Search for Names, Places and Biographies


Already layed Stumbling Stones


back to select list

Hertha Coutinho * 1903

Brahmsallee 11 (Eimsbüttel, Harvestehude)


HIER WOHNTE
HERTHA COUTINHO
JG. 1903
DEPORTIERT 1942
THERESIENSTADT
1944 AUSCHWITZ
ERMORDET

further stumbling stones in Brahmsallee 11:
Bertha Alexander, Rosa Müllner, Emma Tarnowski

Hertha Coutinho, born 3/2/1903 in Hamburg, deported to Theresienstadt on 7/15/1942, deported on to Auschwitz on 10/9/144 and murdered there

Brahmsallee 11

Hertha Coutinho came from a family whose roots reached back to Portugal for many generations. There and in Spain at the end of the 15th century, Jews were deprived of their faith and their security by forced baptisms and persecution. The involuntary new Christians, however, were not accepted by the Christian population. The hostilities in Portugal culminated in the pogrom of Lisbon in 1506, in which many people were killed. This resulted in a wave of emigration that took the new Christians to where the families found shelter and were able to use their mercantile skills to build new existences. In the second half of the 15th century, settlements formed in southern France, Italy and the Netherlands (Bruges and Antwerp), from 1590, the Sephardim, as they were called on account of their origins in Spain and Portugal, settled in Amsterdam, Emden and Hamburg. The name Coutinho is present in Hamburg and Glückstadt in the 17th century.

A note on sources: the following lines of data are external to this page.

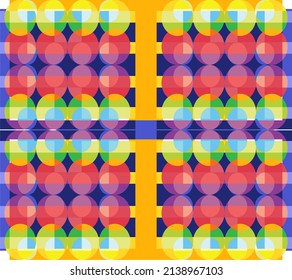 Abstract colorful gradation square circle pattern , free pattern 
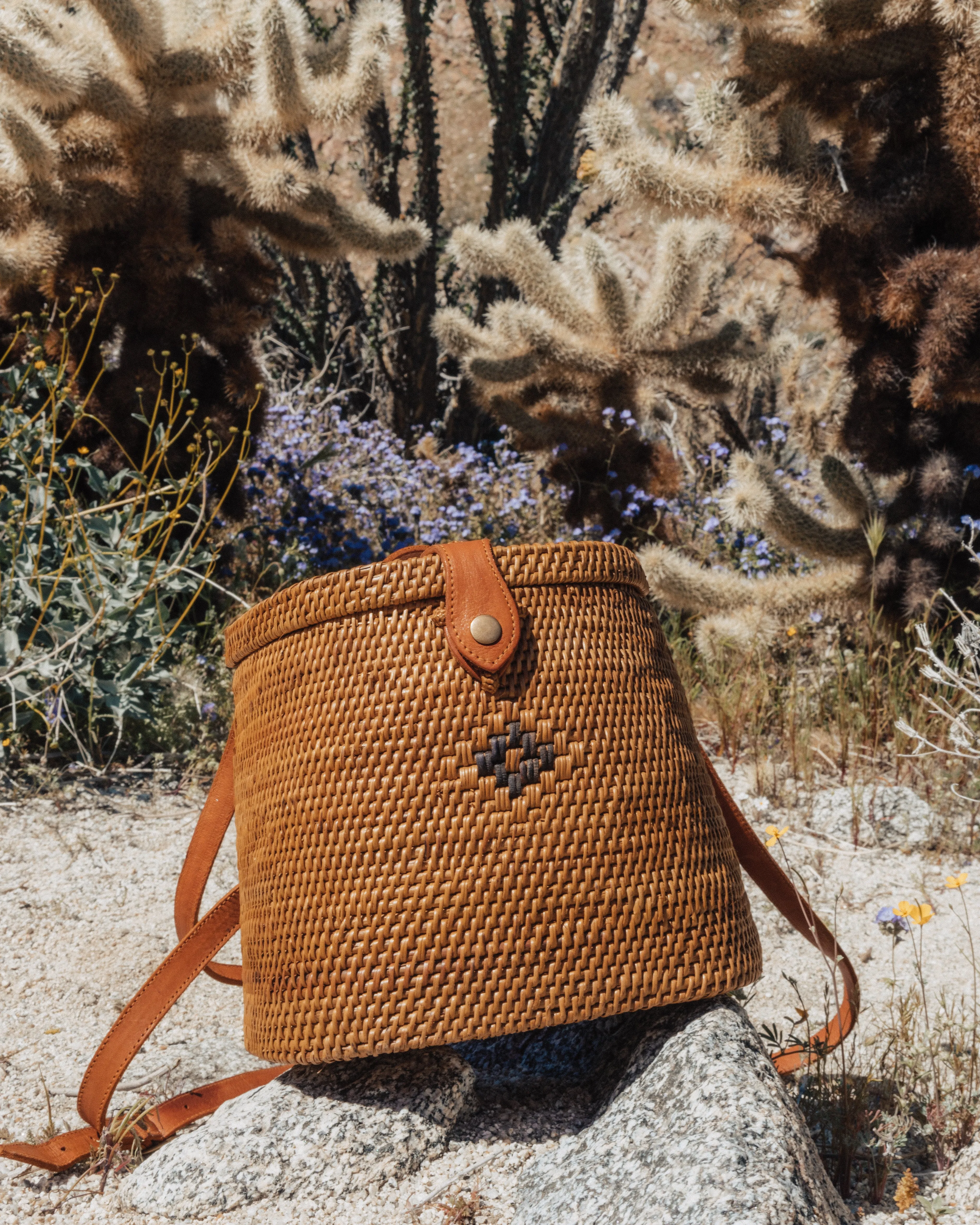 Bingin Rattan Mini Backpack
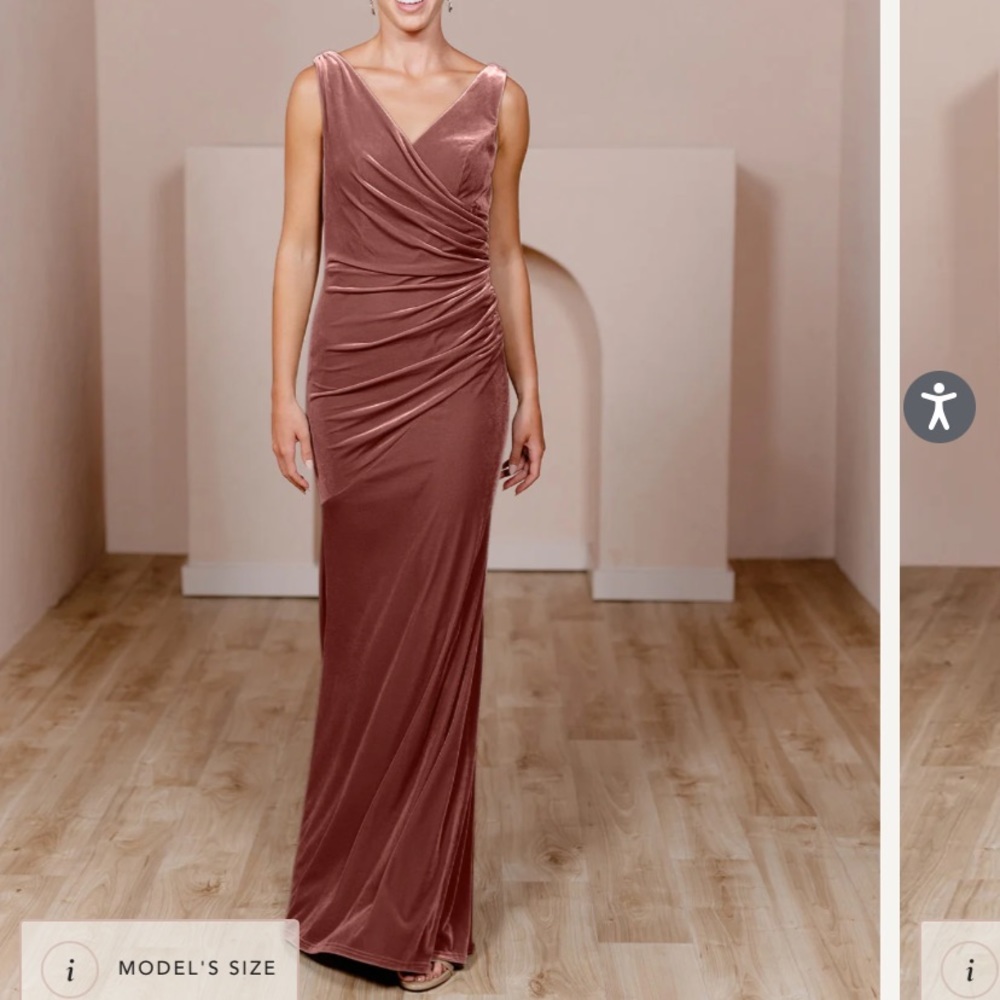Velvet Revelry Dress Dusty Rose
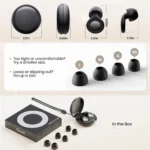 Noise reducing sleep earplugs with carrying case and ear tips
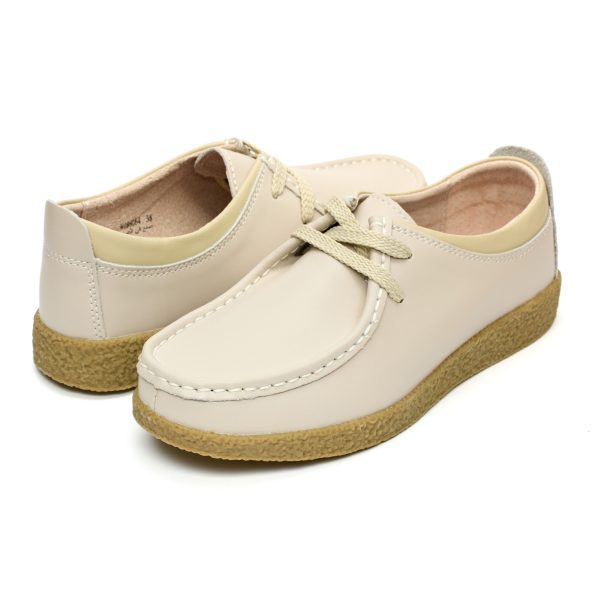 Pantofi piele  dama 186064, Bej - imagine 3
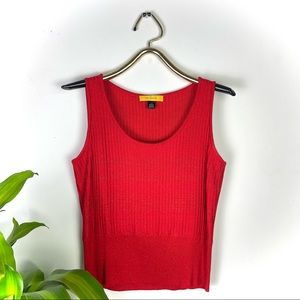 St. John Ribbed Knit Tank Top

On May 9, 1894, Hertha’s parents Solms Coutinho (born 4/27/1869 in Hamburg) and Louise Aronson (born 1/22/1874 in Leipzig) married and moved into their first common home in Rutschbahn 22.

Solms Coutinho was the firstborn child of Isaac (born 18365, died 1903) and Pauline Coutinho, née Meyer (born 1839, died 1907); he was followed by his siblings Agathe (born 1876, murdered in the Lodz ghetto), Annita (born 1878, died 1880), and Carl (born 1880, died 1925). All the Coutinhos’ children were born in Hamburg.

Louise was the first common child of her parents Adolf (born 1851 in Plau in Mecklenburg, died 1899 in Bergedorf) and Caroline Margarete Aronson, widowed Schröder, née Frels (born 1849 in Friedrichstadt, died 1929 in Bergedorf). Three further children were born in Hamburg, Henny (born 1876), Elsa (born 1877) and Albert (born 1881). The four Aronsons had a half-sister from their mother’s first marriage, Auguste Henriette Juliane Schröder (born 1871).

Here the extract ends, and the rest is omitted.